Source : 14e Conférence internationale sur les lymphomes malins, 14-17 juin 2017, Lugano
Littérature :
- Pfreundschuh M, et al : Six versus eight cycles of bi-weekly CHOP-14 with or without rituximab in elderly patients with aggressive CD20+ B-cell lymphoma : a randomised controlled trial (RICOVER-60). Lancet Oncol 2008 Feb ; 9(2) : 105-116.
- Murawski N, et al : La prophylaxie anti-infectieuse par aciclovir et cotrimoxazole réduit de manière significative le taux d’infections et de décès liés au traitement chez les patients âgés atteints de dlbcl sous immunochimiothérapie r-chop. ICML 2017 ; Abstract 203.
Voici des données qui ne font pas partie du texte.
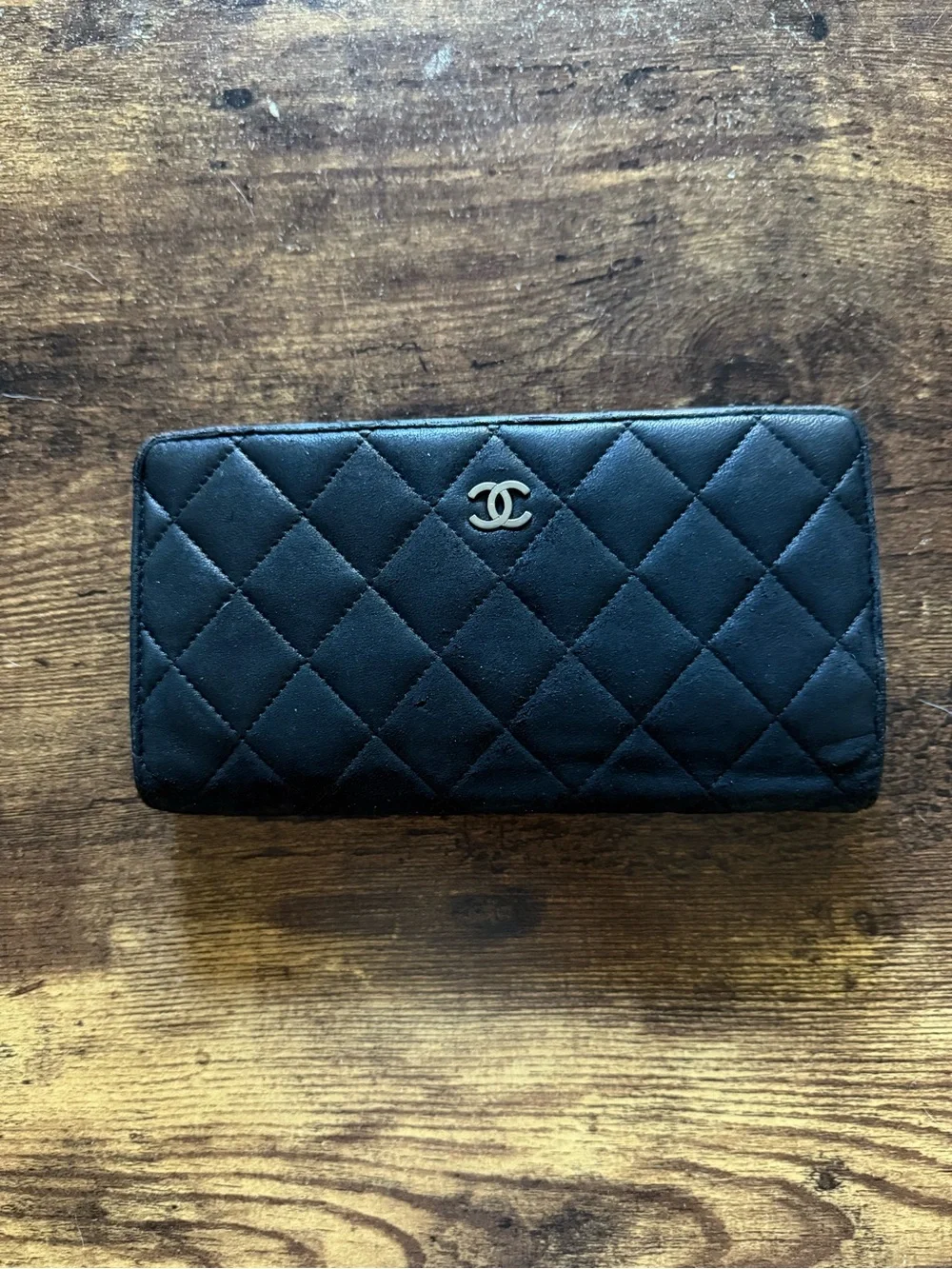 CHANEL Black Quilted Open Flap Wallet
- Dreyling M, et al : Ibrutinib versus temsirolimus chez les patients atteints de lymphome mantélique en rechute ou réfractaire : une étude internationale, randomisée, en ouvert et de phase 3. Lancet 2016 Feb 20 ; 387(10020) : 770-778.
- Byrd JC, et al : Ibrutinib versus ofatumumab dans la leucémie lymphoïde chronique précédemment traitée. N Engl J Med 2014 Jul 17 ; 371(3) : 213-223.